Dismantling ELT: The Case for Graphs, Not Silos

(jack-vanlightly.com)

10 points | by sebg 10 hours ago ago

7 comments

  • datatrashfire 37 minutes ago

    I missed the part where there was an actionable takeaway about how I as a practitioner am supposed to differently.

  • dallasg3 2 hours ago

    I hate to say it, but good documentation is the key here.

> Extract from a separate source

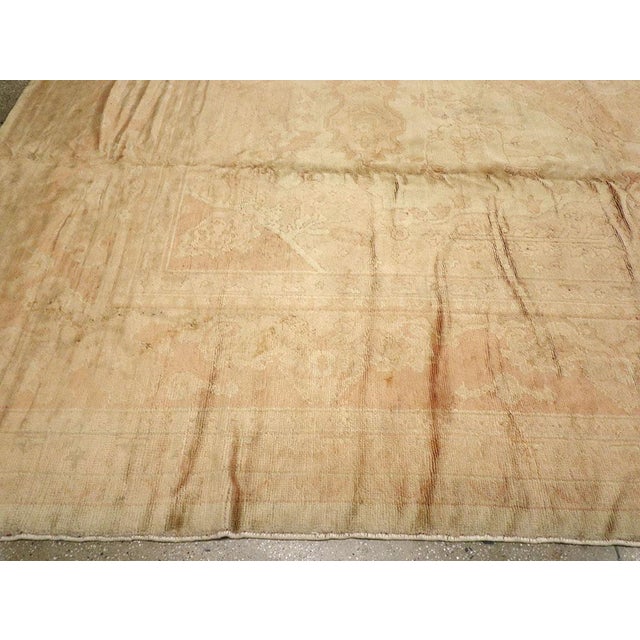 Early 20th Century Galerie Shabab Collection Early 20th Century European Oushak Large Carpet For Sale - Image 5 of 8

Visualizing data as interconnected nodes breaks down silos, aligns teams and makes it easier to build reusable, loosely-coupled systems.

  • arkh 2 hours ago

    > provide “data APIs” to data teams

    I feel like I'm reading part of Data Mesh again.

  • tspann an hour ago

    reminds me nifi plus kafka

  • jacknews 3 hours ago

    Since the article uses lots of big words, phrases and memes (when a few simple words would suffice), and assumes you know it already, Conway's law is simply that your technical architecture will reflect your social/organizational architecture.

    • orbat an hour ago

      "Big words, phrases and memes"? You got this distressed about an article using industry standard terminology for its target audience and assuming that you'd read (or would read) the post it linked to on Conway's law?

  • smitty1e 3 hours ago

    It's a great theoretical point.

    > The tools, the practices, all built around the premise that software and data teams don’t work closely together.

    In particular, the various teams, even the same team with itself, end up being separated along a timeline.

    Information Technology ends up being the embarrassment we all face that our data are rarely, if ever, showing up dressed for work.